For Annabeth. Annabeth. His mortal anchor. Oh how Styx laughed at that. I told that little upstart river I was stronger! His mortal anchor, the one he forged in my river, is the only thing holding him back now!
Annabeth was terrified and made him promise not to use it, some things are not meant to be controlled, Percy! And he promised. But it was an empty promise. What did it matter if he didn’t use that power when his mental state rapidly approached the level required for the apotheosis to be finalized? What did it matter if he stopped, when he’d battled a goddess for her domains and won?
What did it matter if he used his control over poisons in battle, when he could feel poison in everything around him, plants, chemicals, animals and monsters? He never told Annabeth because she already feared him. Any more proof that he had a new domain - one not attributed to his father - would break what little trust she had left in his humanity.
It was hardly a surprise that Gaea wanted his blood specifically to rise. She would have preferred him sacrificed on an altar for sure, or else she wouldn’t have chosen him over Phineas in the bet over the gorgon blood. But even a drop would suffice, a drop from the strongest hero in a millenia and a half - more, really - was enough for Gaea to start rising. She could probably have gotten someone else's blood and much more of it, but even a drop of Perseus blood, the one with prophesied power to end Olympus was preferred and she would not have it any other way.
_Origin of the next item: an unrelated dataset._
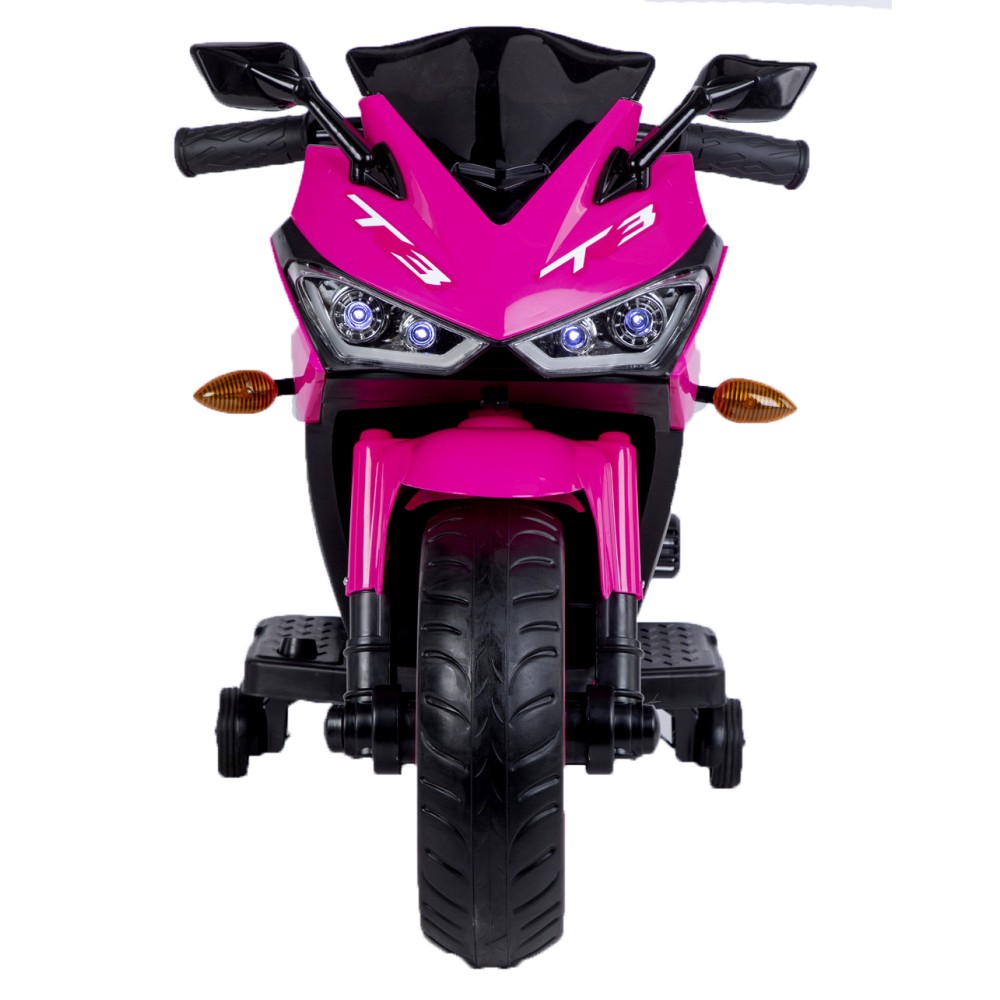Light Up Wheels 12V Kids Ride On Motorcycle with Training Wheels & Hand Control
The third time was when Percy and Annabeth broke up. None of them wanted to admit it, but it soon became clear that it was inevitable. From the moment he’d embraced the darkness inside him down in the Pit, it was only a matter of time. It began like this:
Everyone else had moved on, but Percy still felt restless and wound up, expecting a fight or a new monster to battle wherever he went. Violence had become the undercurrent of his life. Jason began to build temples and dedicated his life to his promise. Piper enjoyed life at camp, and tried to figure out her relationship with Jason in a peaceful era. Frank and Hazel were busy with the legion as Praetors, determined to rebuild it to full strength. Annabeth set her sights on attending University and rebuilding the rest of Olympus as the appointed architect. But where did Percy fit into all of this?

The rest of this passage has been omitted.